Male Chauvinism Dies Hard in Eastern Oregon
Published in The Christian Science Monitor
In this range and timber country, women ride, rope, and brand alongside their men, then climb down from their horses, cook, serve the meals, wash the dishes, and take care of the house, while the men drink beer and watch television. Loggers put in an eight hour day and come home and take it easy while their wives finish a sixteen hour day. Sometimes, a little education while they're young can make a difference.
Two men worked for me cutting firewood a few years ago. They stayed in a cabin across the road and ate with us. When winter shut the operation down and the men took off for a warmer place, Laura said she wouldn't cook for a crew again.
In a house with a pitcher pump for water and a wood-fired stove for cooking and for heating water, the additional work of cooking for a crew took time from her primary responsibilities of taking care of the family and teaching Amanda and Juniper.
She didn't like it that the men wouldn't help with cooking or with washing dishes, even when we weren't cutting wood. She said, "I know how those guys are at home. Even if they're out of work, with nothing to do but go fishing, their wives do all the housework, all the cooking, all the dishes, and they take care of the children until they're old enough to go fishing with Dad."
But when I took Jim on as a partner, she said he could eat with us. She said, "He's never been out on his own. He's never had to cook for himself. The cabin he's using doesn't have water or a sink or a cookstove. He's almost family anyway.
"Jim always lets Juniper and Amanda join in the conversations. They love having him here, because he treats them like real people. John and Jerry never even recognized the girls were people."
Jim and I cut firewood, and Laura cooked, packed our lunches, washed the dishes, and took care of and taught Juniper and Amanda.
We saved the straightest dead lodgepole pines, with the least taper, for house logs. Michael didn't get there when he had said he would, in October.
In mid-December, when he finally came to get the logs, the meadow, under two feet of snow, was too soft to drive a loaded log truck across it. The only way to get the logs out was to drag them two miles across the meadow.
Michael brought an old, sick bulldozer and a helper to try to keep the dozer running. Michael and Richard moved in with Jim, and we all worked to get the logs out. Jim and I cut more standing dead lodgepole, to add to what we already had decked along the edge of the meadow.

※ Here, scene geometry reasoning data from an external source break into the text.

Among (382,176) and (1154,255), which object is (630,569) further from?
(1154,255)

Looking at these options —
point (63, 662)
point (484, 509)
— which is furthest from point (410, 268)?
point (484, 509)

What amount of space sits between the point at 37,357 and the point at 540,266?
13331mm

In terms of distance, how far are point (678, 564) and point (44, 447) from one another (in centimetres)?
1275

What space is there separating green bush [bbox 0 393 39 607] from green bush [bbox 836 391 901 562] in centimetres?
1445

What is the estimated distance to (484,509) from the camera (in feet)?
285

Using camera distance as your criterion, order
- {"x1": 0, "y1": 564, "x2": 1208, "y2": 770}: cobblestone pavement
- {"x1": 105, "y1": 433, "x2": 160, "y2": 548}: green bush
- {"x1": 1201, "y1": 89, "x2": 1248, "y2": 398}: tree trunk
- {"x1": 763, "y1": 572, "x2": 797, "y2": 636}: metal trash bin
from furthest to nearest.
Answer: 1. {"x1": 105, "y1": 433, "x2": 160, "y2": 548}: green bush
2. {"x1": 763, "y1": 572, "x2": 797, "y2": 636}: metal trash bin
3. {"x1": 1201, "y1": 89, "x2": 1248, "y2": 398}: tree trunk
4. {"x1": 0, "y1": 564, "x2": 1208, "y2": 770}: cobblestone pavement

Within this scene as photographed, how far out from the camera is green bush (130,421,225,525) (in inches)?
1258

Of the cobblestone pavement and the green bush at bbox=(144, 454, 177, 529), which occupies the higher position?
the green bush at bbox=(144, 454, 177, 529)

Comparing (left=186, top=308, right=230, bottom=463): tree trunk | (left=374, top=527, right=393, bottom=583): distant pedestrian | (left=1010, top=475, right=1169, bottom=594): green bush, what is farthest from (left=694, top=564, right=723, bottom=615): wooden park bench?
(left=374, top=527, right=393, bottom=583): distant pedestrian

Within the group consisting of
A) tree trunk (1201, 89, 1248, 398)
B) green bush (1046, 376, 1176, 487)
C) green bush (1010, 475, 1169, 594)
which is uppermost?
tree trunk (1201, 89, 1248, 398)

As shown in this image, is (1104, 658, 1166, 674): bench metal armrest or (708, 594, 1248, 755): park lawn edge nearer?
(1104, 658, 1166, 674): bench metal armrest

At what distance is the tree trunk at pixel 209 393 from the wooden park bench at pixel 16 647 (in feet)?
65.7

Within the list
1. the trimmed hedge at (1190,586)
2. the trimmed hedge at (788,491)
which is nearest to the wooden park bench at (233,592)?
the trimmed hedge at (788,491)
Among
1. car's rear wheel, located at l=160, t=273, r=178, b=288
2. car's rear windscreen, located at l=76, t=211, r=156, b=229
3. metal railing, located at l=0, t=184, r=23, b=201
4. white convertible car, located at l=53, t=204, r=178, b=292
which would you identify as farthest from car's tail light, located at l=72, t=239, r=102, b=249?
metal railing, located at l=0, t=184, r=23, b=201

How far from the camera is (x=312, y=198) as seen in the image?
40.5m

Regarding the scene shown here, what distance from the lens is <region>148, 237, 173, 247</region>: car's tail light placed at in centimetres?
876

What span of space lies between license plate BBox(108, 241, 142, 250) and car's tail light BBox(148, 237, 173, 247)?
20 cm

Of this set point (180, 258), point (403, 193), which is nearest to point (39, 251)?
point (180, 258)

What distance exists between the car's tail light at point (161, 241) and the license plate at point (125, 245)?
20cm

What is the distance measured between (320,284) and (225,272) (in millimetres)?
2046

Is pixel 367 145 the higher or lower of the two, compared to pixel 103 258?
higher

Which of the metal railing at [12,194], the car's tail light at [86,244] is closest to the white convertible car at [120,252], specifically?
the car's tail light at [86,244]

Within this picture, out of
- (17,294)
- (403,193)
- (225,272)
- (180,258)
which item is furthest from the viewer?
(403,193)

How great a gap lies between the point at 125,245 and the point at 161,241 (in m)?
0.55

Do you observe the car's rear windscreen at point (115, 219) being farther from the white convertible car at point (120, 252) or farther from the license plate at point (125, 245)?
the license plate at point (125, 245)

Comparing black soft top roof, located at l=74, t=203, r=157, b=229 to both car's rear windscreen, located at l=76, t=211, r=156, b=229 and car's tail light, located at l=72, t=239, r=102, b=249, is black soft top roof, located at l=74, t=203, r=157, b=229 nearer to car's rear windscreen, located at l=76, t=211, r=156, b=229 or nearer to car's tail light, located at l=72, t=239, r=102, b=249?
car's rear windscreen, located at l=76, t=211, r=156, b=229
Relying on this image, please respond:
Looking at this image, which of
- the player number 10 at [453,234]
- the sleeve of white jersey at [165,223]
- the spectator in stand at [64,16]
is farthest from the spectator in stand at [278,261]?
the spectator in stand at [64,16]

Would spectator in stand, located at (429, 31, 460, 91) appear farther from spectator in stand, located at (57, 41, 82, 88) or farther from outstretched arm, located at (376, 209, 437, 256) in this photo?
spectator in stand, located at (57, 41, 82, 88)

Laura was more than a good sport. We figured the log truck would come up and we'd load the logs and send them down the road in two or three days, and Laura could get back to her orderly routine, so she said, sure, she'd cook for the whole crew so we could concentrate on getting the logs out before the weather got worse.
The weather immediately got worse. We spent a lot of time getting the dozer running and keeping it running and keeping our road across the meadow open. The dozer wouldn't pull very many logs. Each trip across the meadow took hours and put us home long after dark.

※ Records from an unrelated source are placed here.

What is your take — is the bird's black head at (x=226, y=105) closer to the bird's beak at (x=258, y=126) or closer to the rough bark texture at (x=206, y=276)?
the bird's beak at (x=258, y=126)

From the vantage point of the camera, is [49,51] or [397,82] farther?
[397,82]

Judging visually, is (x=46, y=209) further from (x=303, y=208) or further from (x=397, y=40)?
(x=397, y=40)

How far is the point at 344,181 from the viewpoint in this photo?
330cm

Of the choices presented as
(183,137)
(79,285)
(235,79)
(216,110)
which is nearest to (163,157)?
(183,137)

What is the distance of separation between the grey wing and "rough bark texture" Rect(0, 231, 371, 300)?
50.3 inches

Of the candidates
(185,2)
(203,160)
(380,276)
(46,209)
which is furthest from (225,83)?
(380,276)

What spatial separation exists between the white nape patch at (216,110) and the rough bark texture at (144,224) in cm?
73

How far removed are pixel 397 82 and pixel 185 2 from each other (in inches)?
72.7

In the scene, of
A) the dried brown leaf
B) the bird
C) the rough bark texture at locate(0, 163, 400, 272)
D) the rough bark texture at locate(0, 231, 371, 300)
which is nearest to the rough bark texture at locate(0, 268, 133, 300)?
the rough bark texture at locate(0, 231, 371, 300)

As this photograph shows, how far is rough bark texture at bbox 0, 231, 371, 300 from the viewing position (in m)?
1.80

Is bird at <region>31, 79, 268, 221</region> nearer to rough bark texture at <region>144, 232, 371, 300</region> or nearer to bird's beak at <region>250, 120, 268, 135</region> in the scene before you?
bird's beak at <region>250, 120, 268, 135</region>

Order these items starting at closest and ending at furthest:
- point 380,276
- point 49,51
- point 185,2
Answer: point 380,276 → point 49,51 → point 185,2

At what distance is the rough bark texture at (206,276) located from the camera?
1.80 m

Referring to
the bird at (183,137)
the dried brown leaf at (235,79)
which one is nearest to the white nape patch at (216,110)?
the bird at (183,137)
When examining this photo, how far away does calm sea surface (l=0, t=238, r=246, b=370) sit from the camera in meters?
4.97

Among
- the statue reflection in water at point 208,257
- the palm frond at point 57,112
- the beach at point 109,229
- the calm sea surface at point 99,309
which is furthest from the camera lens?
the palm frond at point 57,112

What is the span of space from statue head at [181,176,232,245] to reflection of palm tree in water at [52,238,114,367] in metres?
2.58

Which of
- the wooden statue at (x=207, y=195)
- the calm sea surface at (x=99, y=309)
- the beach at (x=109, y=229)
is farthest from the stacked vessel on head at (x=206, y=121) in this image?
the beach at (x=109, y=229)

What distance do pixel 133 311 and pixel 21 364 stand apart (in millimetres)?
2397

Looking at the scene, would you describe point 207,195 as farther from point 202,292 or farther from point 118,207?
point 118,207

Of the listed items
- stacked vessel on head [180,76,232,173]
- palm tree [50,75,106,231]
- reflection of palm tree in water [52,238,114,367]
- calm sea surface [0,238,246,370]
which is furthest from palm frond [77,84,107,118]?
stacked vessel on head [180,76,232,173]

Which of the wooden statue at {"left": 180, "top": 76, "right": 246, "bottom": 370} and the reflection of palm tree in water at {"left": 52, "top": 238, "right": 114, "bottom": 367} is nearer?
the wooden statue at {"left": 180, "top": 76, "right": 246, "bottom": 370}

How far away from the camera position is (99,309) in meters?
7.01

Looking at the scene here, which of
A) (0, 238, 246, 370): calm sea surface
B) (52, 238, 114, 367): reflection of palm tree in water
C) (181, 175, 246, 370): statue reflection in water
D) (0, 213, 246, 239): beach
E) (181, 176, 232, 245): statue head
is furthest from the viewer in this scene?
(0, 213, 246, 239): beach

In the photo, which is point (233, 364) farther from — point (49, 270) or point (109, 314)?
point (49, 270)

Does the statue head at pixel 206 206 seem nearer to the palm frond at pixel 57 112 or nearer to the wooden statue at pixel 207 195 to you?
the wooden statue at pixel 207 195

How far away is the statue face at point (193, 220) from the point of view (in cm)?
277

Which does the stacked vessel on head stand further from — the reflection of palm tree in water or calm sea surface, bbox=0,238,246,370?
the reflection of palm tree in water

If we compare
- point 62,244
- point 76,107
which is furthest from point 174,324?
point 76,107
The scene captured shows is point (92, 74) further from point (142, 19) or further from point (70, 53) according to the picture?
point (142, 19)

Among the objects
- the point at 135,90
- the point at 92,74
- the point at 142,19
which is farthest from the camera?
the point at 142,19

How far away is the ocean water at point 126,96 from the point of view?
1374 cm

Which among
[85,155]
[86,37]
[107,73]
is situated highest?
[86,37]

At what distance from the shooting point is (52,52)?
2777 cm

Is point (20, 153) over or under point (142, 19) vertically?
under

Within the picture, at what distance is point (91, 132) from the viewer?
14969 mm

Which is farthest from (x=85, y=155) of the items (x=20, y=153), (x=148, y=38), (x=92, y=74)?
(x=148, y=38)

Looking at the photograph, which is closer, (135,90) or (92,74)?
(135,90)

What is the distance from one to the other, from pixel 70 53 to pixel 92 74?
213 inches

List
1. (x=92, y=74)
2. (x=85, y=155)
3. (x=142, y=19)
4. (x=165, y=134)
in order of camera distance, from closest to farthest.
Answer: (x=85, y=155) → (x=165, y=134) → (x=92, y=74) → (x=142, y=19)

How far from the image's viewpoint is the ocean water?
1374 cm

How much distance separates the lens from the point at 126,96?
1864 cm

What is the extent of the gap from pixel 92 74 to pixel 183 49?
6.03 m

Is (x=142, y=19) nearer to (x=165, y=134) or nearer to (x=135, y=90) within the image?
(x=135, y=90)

Everybody got hit by colds and flu. Laura got hit hardest. She was off her feet and asleep a lot of the time. More than once, I came in out of a snowstorm after dark and had to wash dishes so we could eat dinner, but Laura always had food ready for us, and she milked the goat morning and evening, and she made sure Juniper and Amanda had everything they needed.
Jim and I shoveled snow away from trees, dropped them, limbed them, and cut them to length. We took a lot of breaks, sweating or shivering with fever, fighting to keep enough energy flowing to get the logs out. We managed to get one turn of logs yarded to the corral every day. The two or three days we'd figured for the project turned into two or three weeks.
We all worked our way clear of flu and colds. We brought the last logs across the meadow and loaded them in the corral, and the truck hauled them over the icy mountain to Halfway, and that was all the work we could do. By then, more snow had fallen from the mountain sky than we could fight for firewood.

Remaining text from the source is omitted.